From: "George Spelvin" <linux@horizon.com>
Subject: Re: raid is dangerous but that's secret (was Re: [patch] ext2/3:
Date: 1 Sep 2009 07:18:03 -0400
Message-ID: <20090901111803.11027.qmail@science.horizon.com>
References: <4a2c5faeb04cab59af9ba6ab512c9916.squirrel@neil.brown.name>
Cc: david@lang.hm, linux-doc@vger.kernel.org,
	linux-ext4@vger.kernel.org, linux-kernel@vger.kernel.org,
	pavel@ucw.cz
To: linux@horizon.com, neilb@suse.de
Return-path: <linux-doc-owner@vger.kernel.org>
In-Reply-To: <4a2c5faeb04cab59af9ba6ab512c9916.squirrel@neil.brown.name>
Sender: linux-doc-owner@vger.kernel.org
List-Id: linux-ext4.vger.kernel.org

>> An embedded checksum, no matter how good, can't tell you if
>> the data is stale; you need a way to distinguish versions in the pointer.

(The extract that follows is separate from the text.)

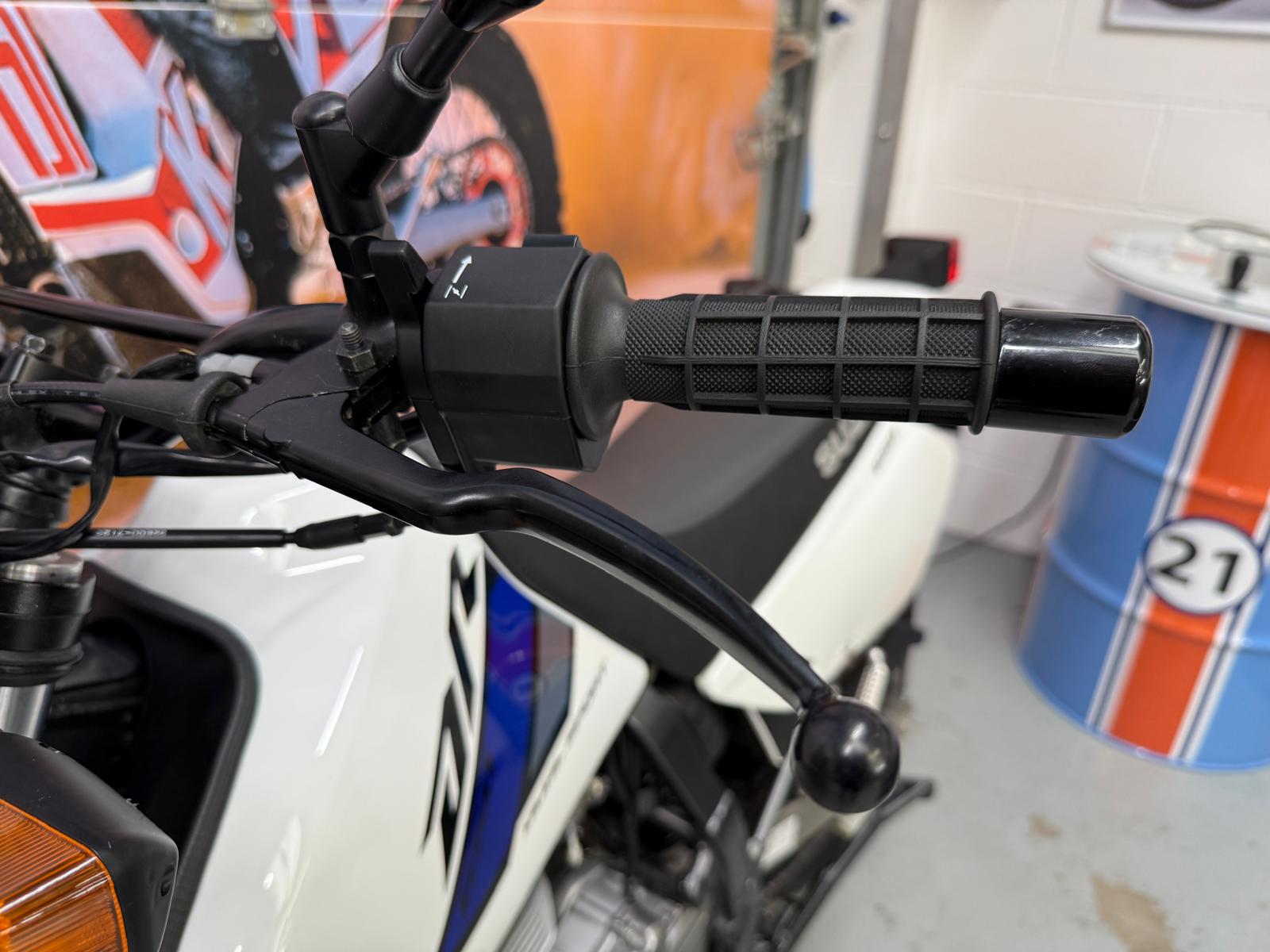 DR 650 Dual Sport (644cc) 2025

> I would disagree with that.
> If the embedded checksum is a function of both the data and the address
> of the data (in whatever address space seems most appropriate) then it can
> still verify that the data found with the checksum is the data that was
> expected.
> And storing the checksum with the data (where it is practical) means
> index blocks can be more dense so on average fewer accesses to storage
> are needed.

I must not have been clear.  Originally, block 100 has contents version 1.
This includes a correctly computed checksum.

Then you write version 2 of the data there.  But there's a bit error in
the address and the write goes to block 256+100 = 356.  So block
100 still has the version 1 contents, complete with valid checksum.
(Yes, block 356 is now corrupted, but perhaps it's not even allocated.)

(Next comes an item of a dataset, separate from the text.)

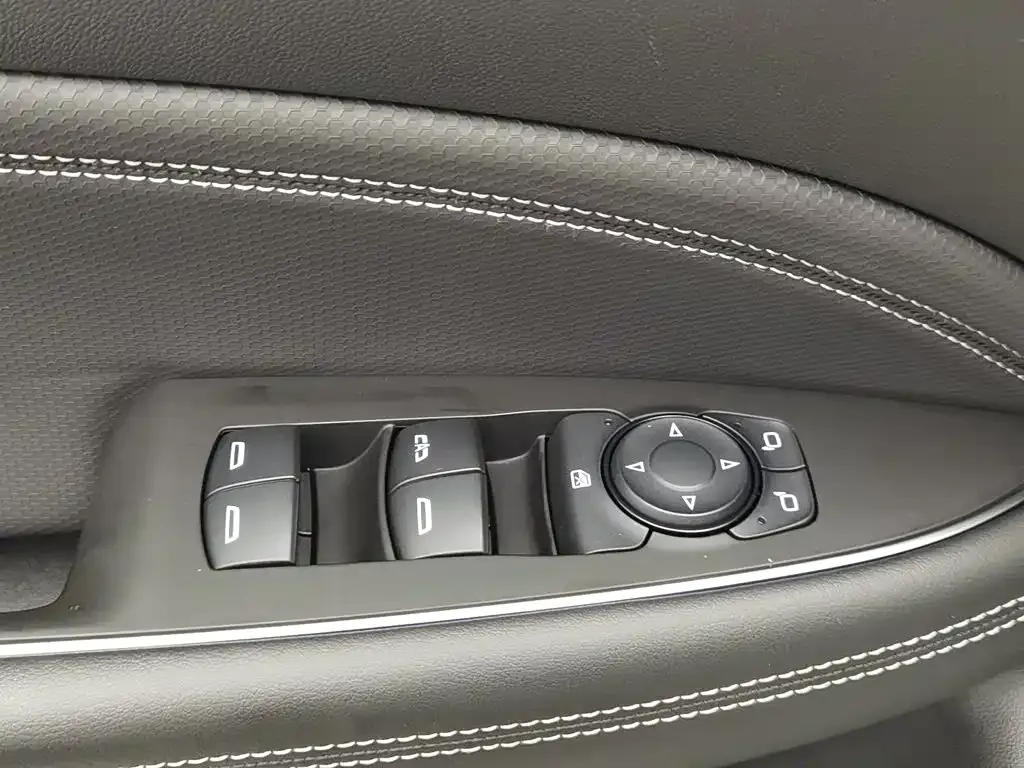 Buick Regal — фото 10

Then we go to read block 100, find a valid checksum, and return incorrect
data.  Namely, version 1 data, when we expact and want version 2.

Basically, the pointer has to say which *version* of the data it points to,
not just the block address.  Otherwise, it can't detect a missing write.

If density is a big issue, then including a small version field is a
possibility.